By Sarah N. Lynch
WASHINGTON (Reuters) - A U.S. Senate panel on Thursday approved with bipartisan support a raft of bills aimed at spurring capital formation, marking its first step this year toward modernizing market rules that critics have said are outdated and get in the way of business expansion and investment.
The move is part of the ongoing effort by the Congress to streamline the U.S. financial sector and is seen as largely separate from U.S. President Donald Trump's push to repeal or replace regulations which he contends could impede economic growth.
The Senate Banking Committee, led by Idaho Republican Chairman Mike Crapo, is now poised to send to the Senate floor five bills that garnered support from both Democrats and Republicans, with Democratic Senators Elizabeth Warren and Jack Reed the only dissenters.
Sherrod Brown, the panel's ranking Democrat, praised the bipartisan work that went into the bills, and said he is optimistic "there are additional common sense measures" that can tackled next.
The bills propose a variety of changes to the Securities and Exchange Commission's regulations, such as raising the dollar amount of stock options that private companies can award employees in a given year from $5 million to $10 million, and easing restrictions to allow brokers to publish research on the global $3.7 trillion exchange-traded fund market.
They would also boost the number of people that can invest in venture capital funds without triggering certain federal rules, subject mutual funds in Puerto Rico to the same rules that funds already face on the U.S. mainland and credit stock exchanges for any fees and assessments they may have overpaid to the SEC in the last decade.

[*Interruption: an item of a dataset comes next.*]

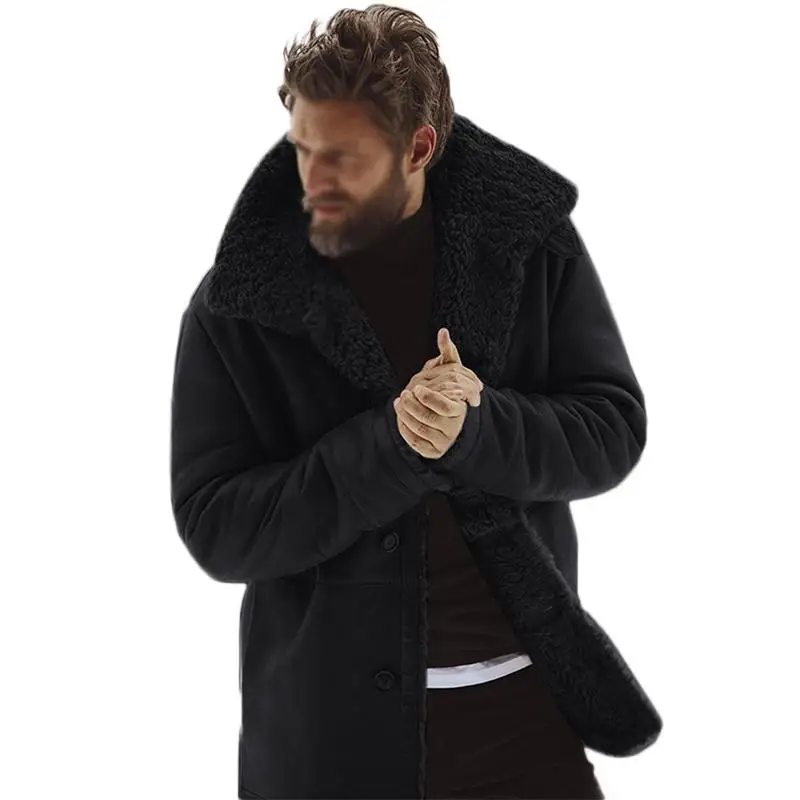 MR K куртки мужские мужские флисовые пальто уличная хип-хоп теплая плюшевый мишка подкладка лацканы хлопок кнопка верхняя одежда пальто мужской пиджак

Pennsylvania Republican Senator Pat Toomey, who co-sponsored the bill involving private company stock options, said on Thursday he is hopeful the measure "will be considered by the full Senate soon."
Thursday's hearing was the first time since the November election that the Republican-led Senate Banking Committee has convened to consider financial legislation.

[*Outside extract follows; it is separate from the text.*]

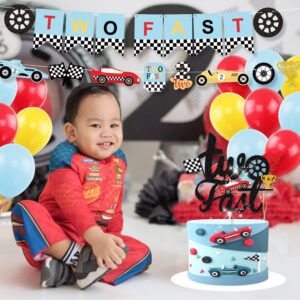 Race Car Two Fast Party Decorations Supplies Racing Theme 2nd Birthday Party Banner Race Car Second Birthday Cake Topper Checkered Flags Balloons for Let's go Racing Theme Sports Event Party Supplies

The U.S. House of Representatives Financial Services Committee, meanwhile, is also gearing up to boost capital-raising via a more comprehensive rewrite of the 2010 Dodd-Frank financial reform legislation.
Trump's choice to lead the SEC, Wall Street deal making attorney Jay Clayton, has previously privately discussed ideas with Trump on how to help spur capital formation.
All of the bills approved by the panel on Thursday have been considered in prior congressional years, but never passed into law. Some of the bills also have companions in the House introduced this year.